The U.S. battleships and cruisers soon closed in on the fleeing Spanish cruisers, mangling them with heavy American gunfire, one after another. The Infanta María Teresa, Cervera’s flagship, was the first to succumb. Struck by an 8-inch shell that not only started a raging fire but cut her fire mains as well, she beached less than 7 miles from the harbor entrance. The Almirante Oquenda was likewise driven ashore as a shattered wreck just a mile west of the flagship. The Viscaya managed another 10 miles of flight before she, too, beached, a smoldering testament to the destructiveness of modern naval gunfire.
Only one cruiser remained, ironically named for the celebrated discoverer of America. The Cristóbal Colón, fastest of the Spanish cruisers, continued her westward dash, pursued by the faster U.S. ships, the Oregon, Brooklyn, and Texas. After 55 miles of flight, many of the Spanish ship’s crew were exhausted (and some of them probably inebriated from consuming the brandy they were given to encourage their shoveling efforts). The ship slowed, and gunfire from the pursuing Americans began to fall close aboard.

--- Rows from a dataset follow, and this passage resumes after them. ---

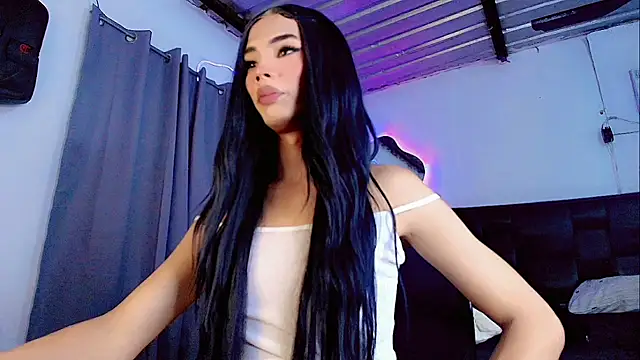 DashaMonroe-
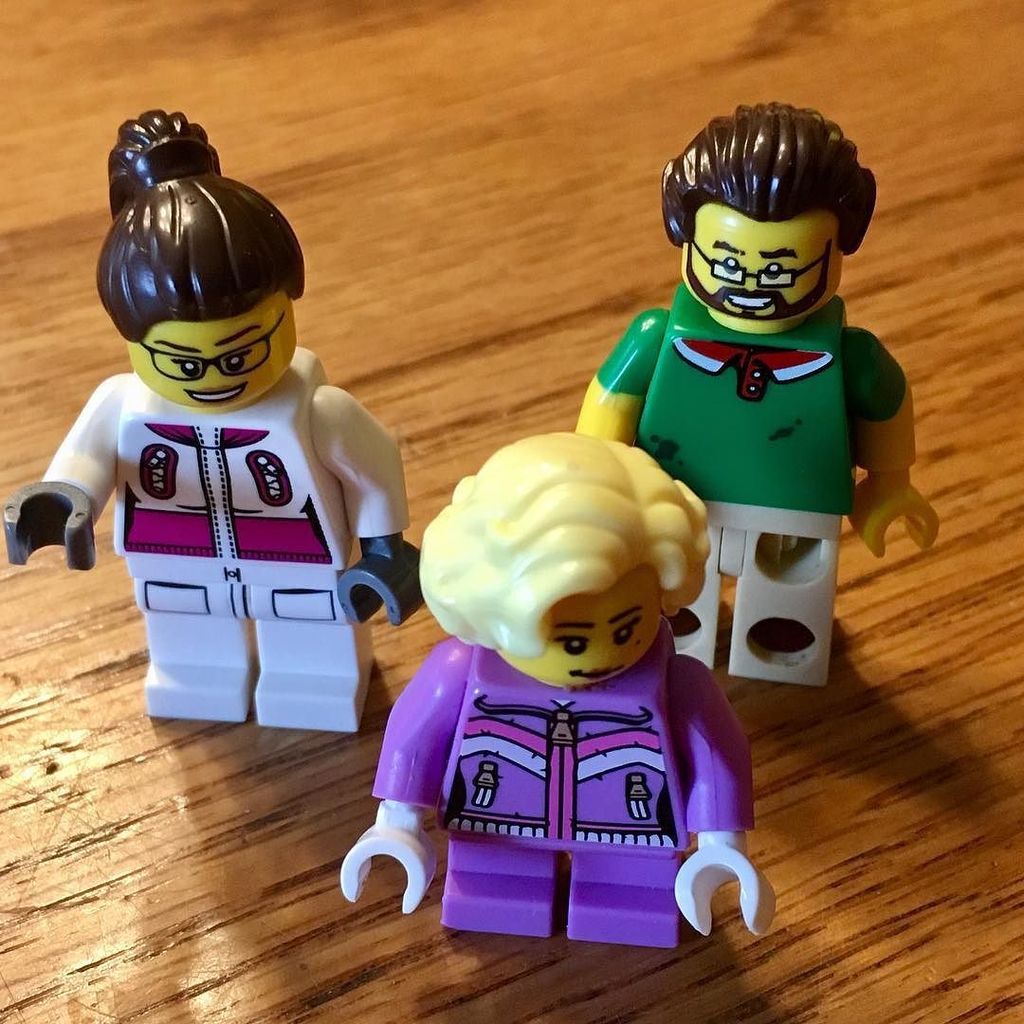EFGaming's tweet photo. Check out of the #EngagedFamilyGaming family in #Lego form. Kind of. We love #TheLegoStore at #WestFarmsMall. The … https://t.co/rCAb2zF8vG https://t.co/h3KVuDwSeJ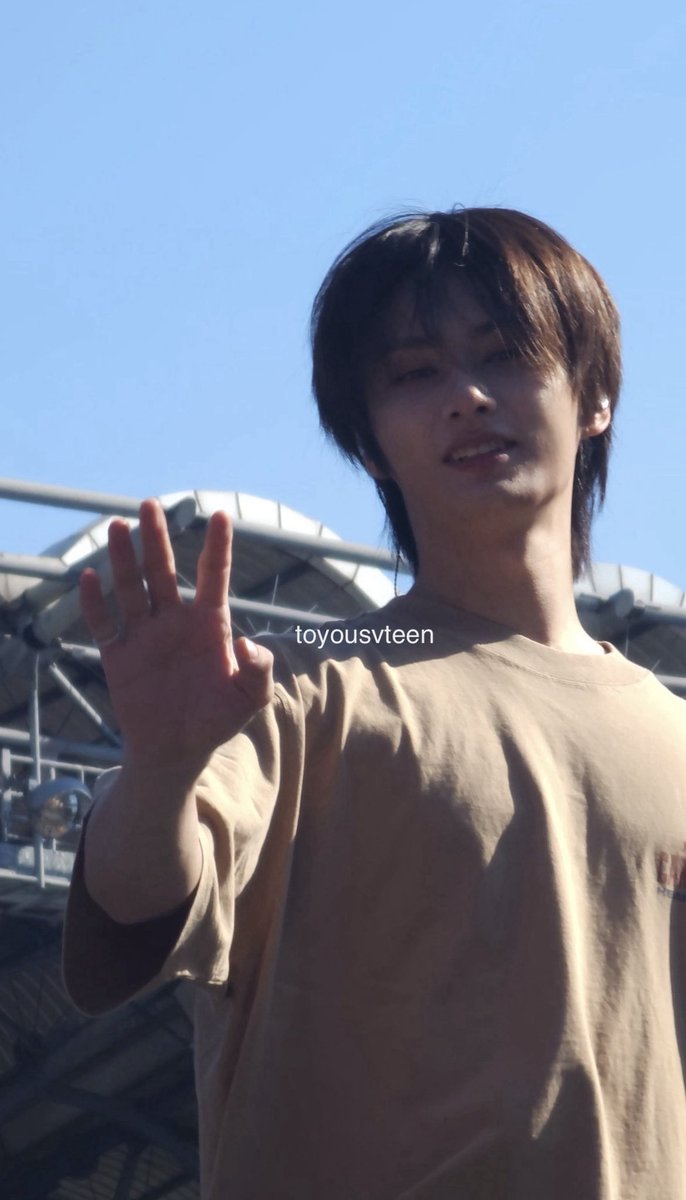 toyousvteen's tweet photo. GRABE JUN 😭😭😭😭

FINALLY AFTER 2 YEARS 😭❤️

#NEW_BULACAN
#SEVENTEEN_NEW_IN_BULACAN
#SEVENTEEN #세븐틴 
#JUN #JUNHUI #준 https://t.co/ktndDzGr3H
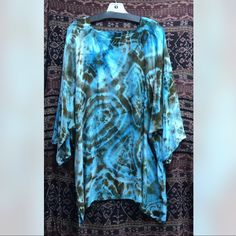 Moroccan Cotton Rayon Blend Blue Short Sleeve Beach Cover-up Top, Blue Tunic Top For Beach Cover-up, Blue Tunic Top For Vacation, Blue Short Sleeve Top For Beach Cover-up, Blue Tunic Blouse For The Beach, Ruffle Top Blouses, White Peplum Tops, Olive Green Top, White Silk Blouse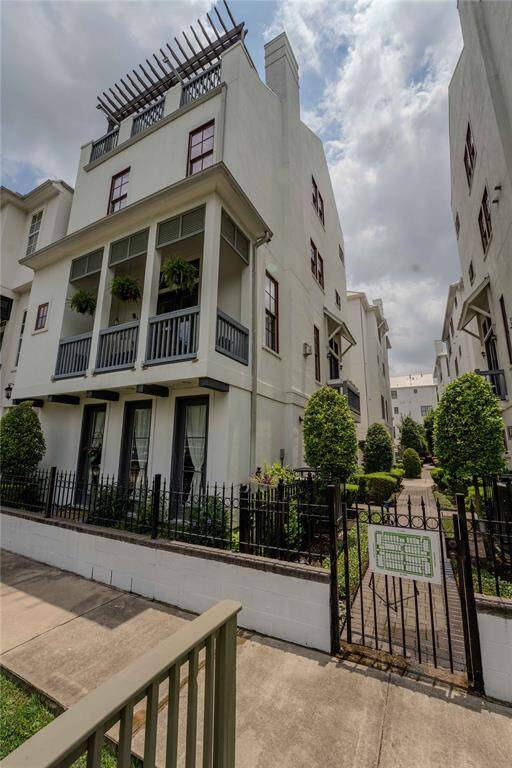 Close to extra street parking and fully gated.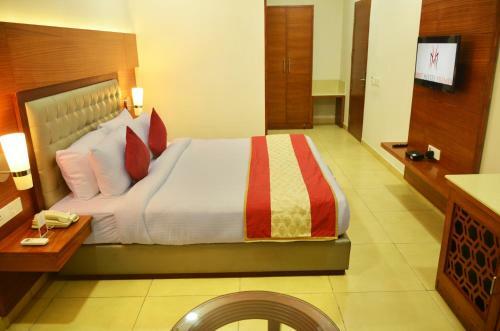 Mint Hotel Premia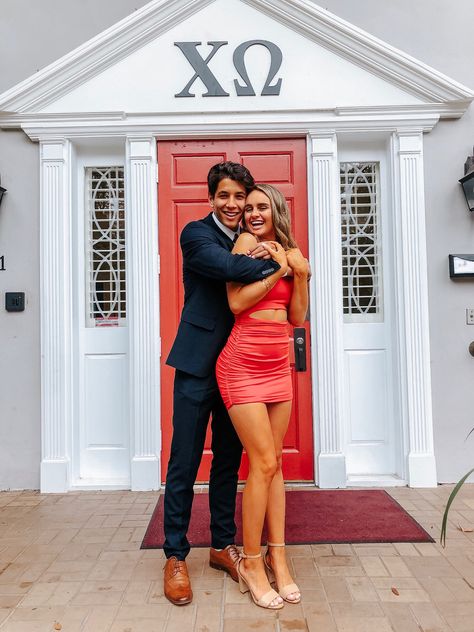 semi formal Semi Formal Poses Photo Ideas, Semi Pictures With Date, Poses For Couples Homecoming, Formal Pics With Boyfriend, Sorority Formal Pictures With Date, Semi Formal Pictures Couples, Sorority Formal Poses, Couple Formal Pictures, Homecoming Picture Ideas With Date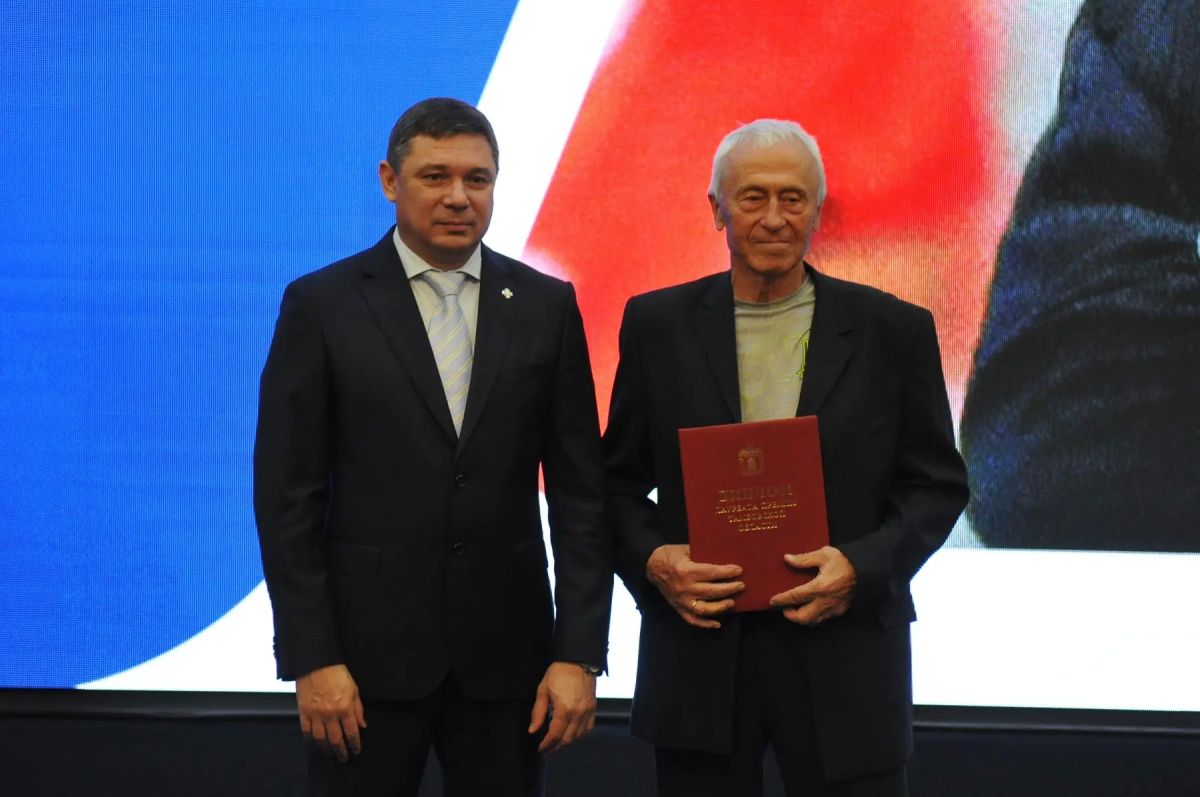 Тренер «Академии футбола» Сергей Ханин удостоен премии имени В.М. Боброва. На торжественном мероприятии, посвященном Дню образования Тамбовской области, Сергей Николаевич получил почетную награду из рук главы региона Евгения... Тренер «Академии футбола» Сергей Ханин удостоен премии имени В.М. Боброва. На торжественном мероприятии, посвященном Дню образования Тамбовской области, Сергей Николаевич получил почетную награду из рук главы региона Евгения...
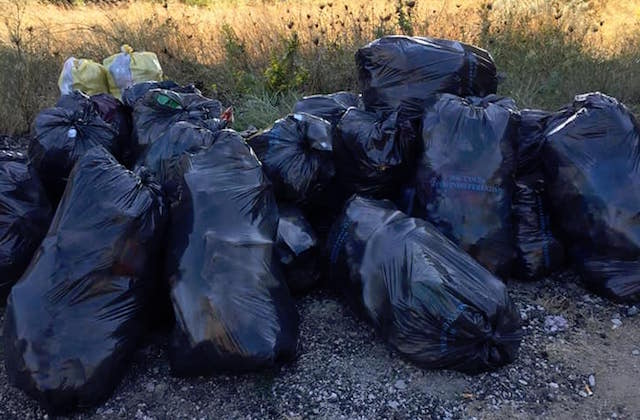 Oniferi, gli operai raccolgono i rifiuti abbandonati sotto il cavalcavia del bivio di Orotelli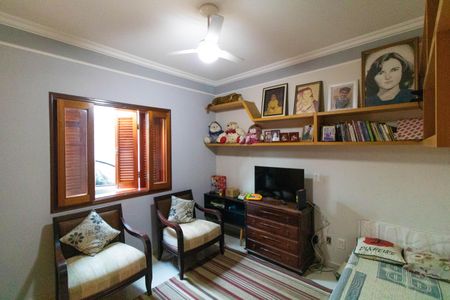 Casa à venda com 120m², 3 quartos e 2 vagas Casa à venda com 120m², 3 quartos e 2 vagasQuarto 01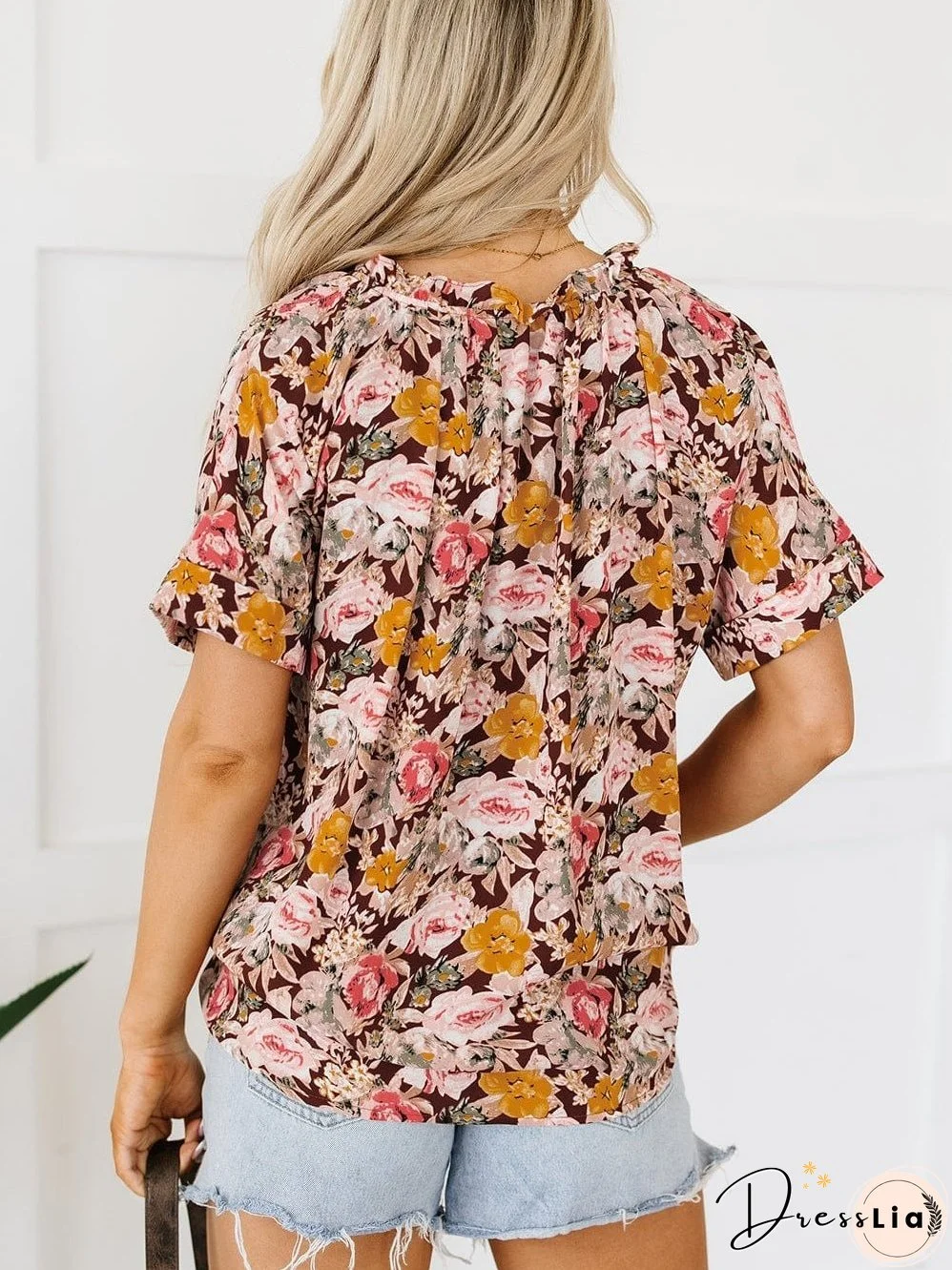 Short Sleeve Floral Blouse with Bubble Hem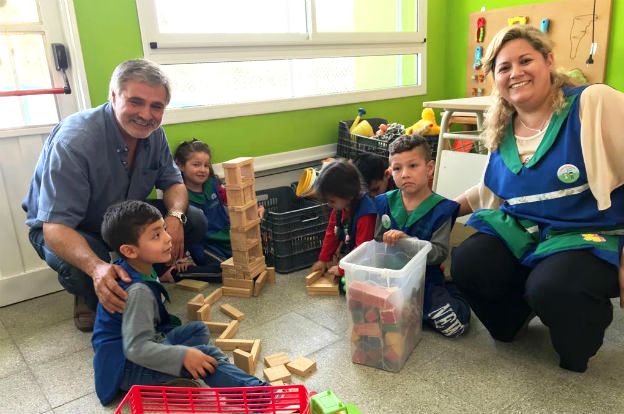 FODEMEEP's tweet photo. #ProgramaAurora
Grahovac visitó el pasado viernes el Jardín “Cnel Olmedo” (Las Toscas) e inauguró 1 sala de 3, 4 y 5 años; hall central y cerco perimetral. También fue a Cruz de Caña (La Paz ) a inaugurar 1 sala en Jardín M. Moreno y en Villa Dolores inauguró 2 aulas en IPET 260. https://t.co/012GPEjvzF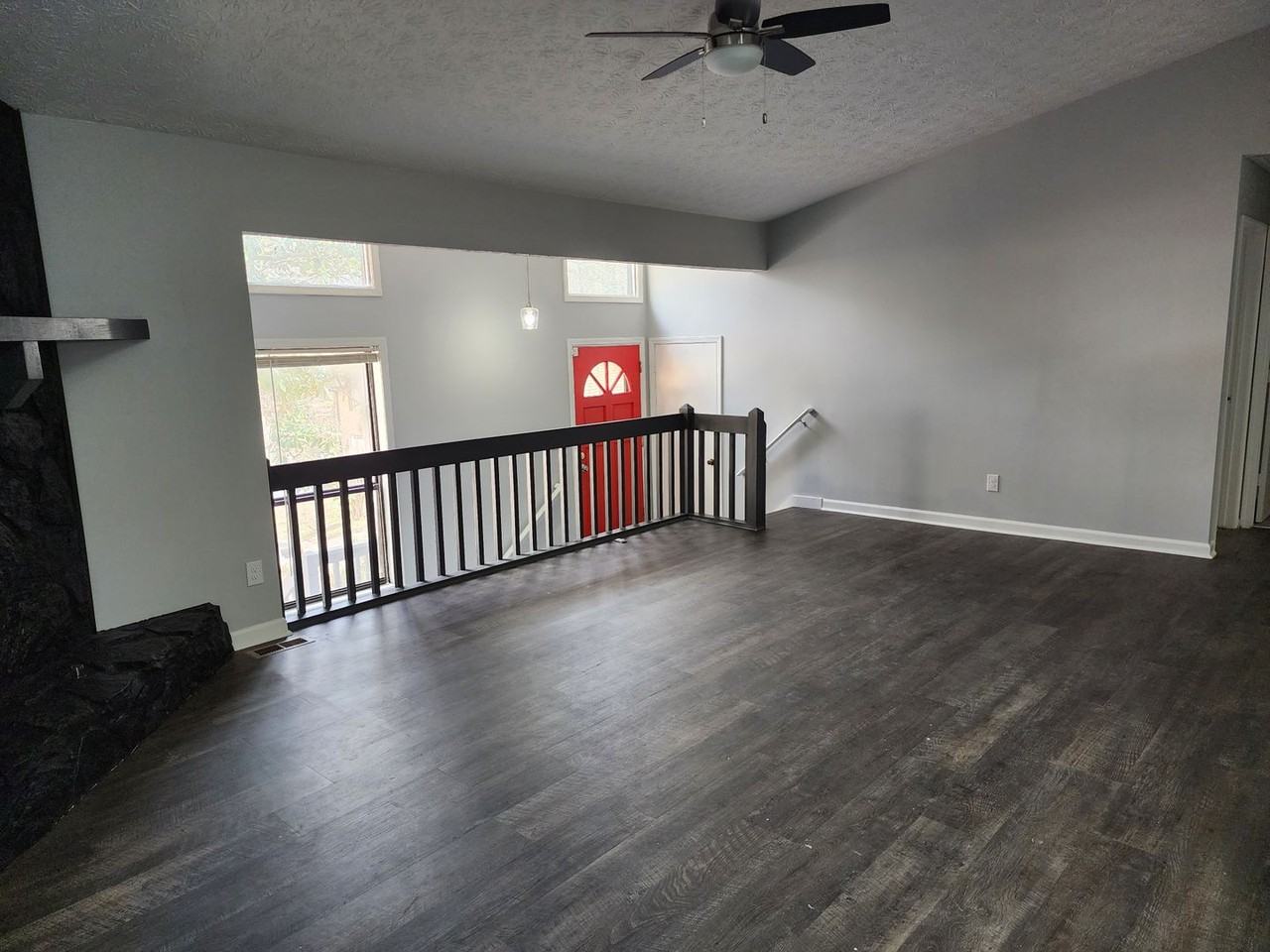 836 Sunset Ct Nw - Photo 2 of 17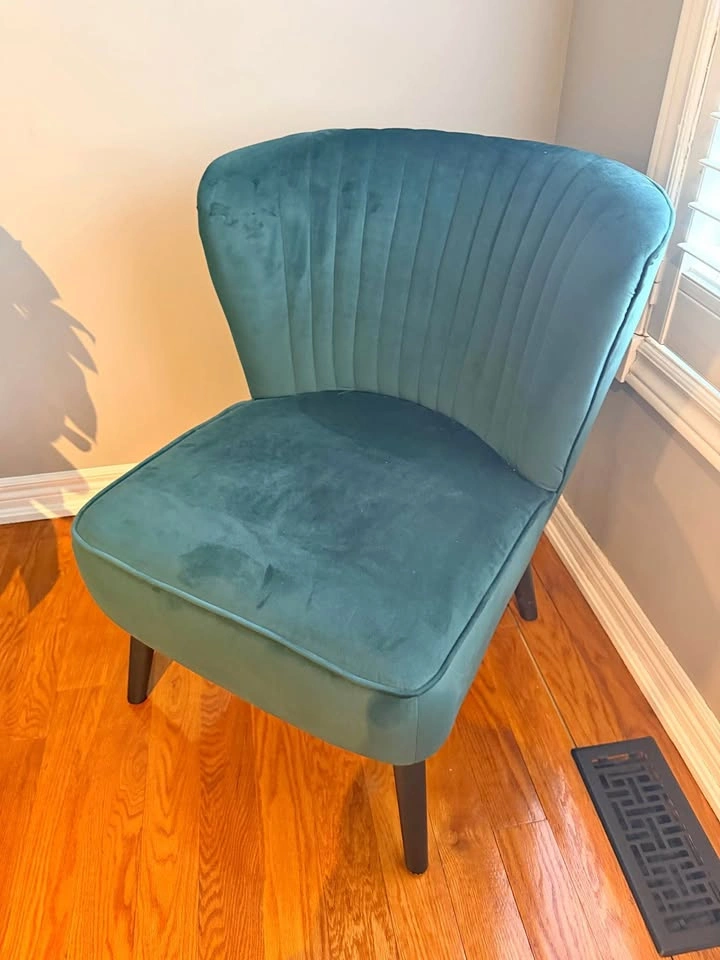 LIKE NEW Structube Accent Chair – Stunning Turquoise Green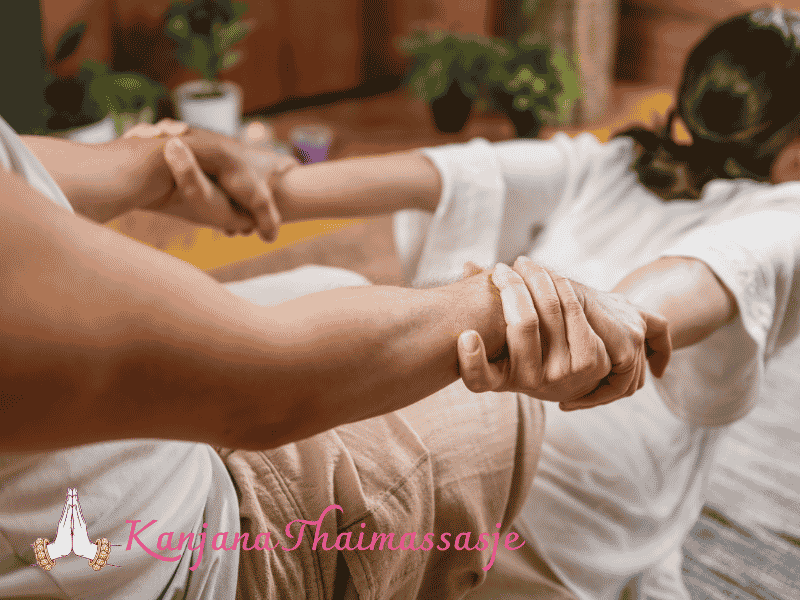 Thai Traditional massasje, Stretching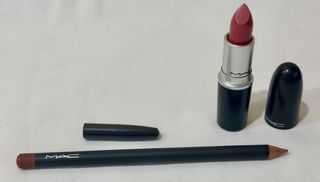 (Category: ) located in . Submitted by thesouthbeachedit (Listing ID 1399807788, Image 1). Description: .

The last ship of Cervera’s fleet struck her colors and headed for the shore.
The Spanish had suffered 351 killed and another 151 wounded, with more than 1,800 taken prisoner, including Admiral Cervera. In sharp contrast, U.S. casualties had been one killed and one seriously wounded. It was one of the most one-sided victories in U.S. Navy history.
Despite an unseemly public controversy involving the two major commanders—Commodore Schley of the Flying Squadron and Rear Admiral Sampson of the Home Squadron—the victory was widely and fervently embraced by the American public, significantly enhancing the Navy’s reputation and leading to the creation of the Navy League that remains an important proponent of the Sea Services today.
Among the many favorable assessments of the battle, Theodore Roosevelt singled out the actions of Richard Wainwright, writing “The most striking act was that of the Gloucester, a converted yacht, which her commander, Wainwright, pushed into the fight through a hail of projectiles, any one of which would have sunk her, in order that he might do his part in destroying the two torpedo boats, each possessing more than his own offensive power.” Wainwright continued a distinguished career, which included contributing many important articles to the Naval Institute’s Proceedings and serving as that organization’s president before retiring as a rear admiral.
Metamorphosis
At home, the overwhelming naval victories in the Spanish-American War were celebrated with great enthusiasm, with naval officers such as Dewey and Sampson elevated to lofty heights in the popular culture. The war had another domestic side-effect, that of healing some of the wounds inflicted by the Civil War. Having a common enemy often unites peoples with differences, and this was no exception.
On the international front, the United States had gained possession of the Philippines, Puerto Rico, and Guam because of the war. Added to the annexations of Midway and Hawaii, the nation had joined the Europeans in the contagion of global imperialism, something that would have been anathema just a short time before but was now seen in a different light. An American ambassador dubbed the conflict with Spain “a splendid little war,” a sentiment shared by many Americans who saw the victory as an extension of the nation’s “manifest destiny,” a calling beyond continental expansion that would take the United States out of the wings and onto the world stage.
At the dawn of the 20th century, the still-young but rapidly maturing nation would find itself increasingly involved in the affairs of other nations. That metamorphosis from isolation to participation would eventually bring the added responsibility of leadership. And one of the key components of that leadership would be the growing power of the U.S. Navy.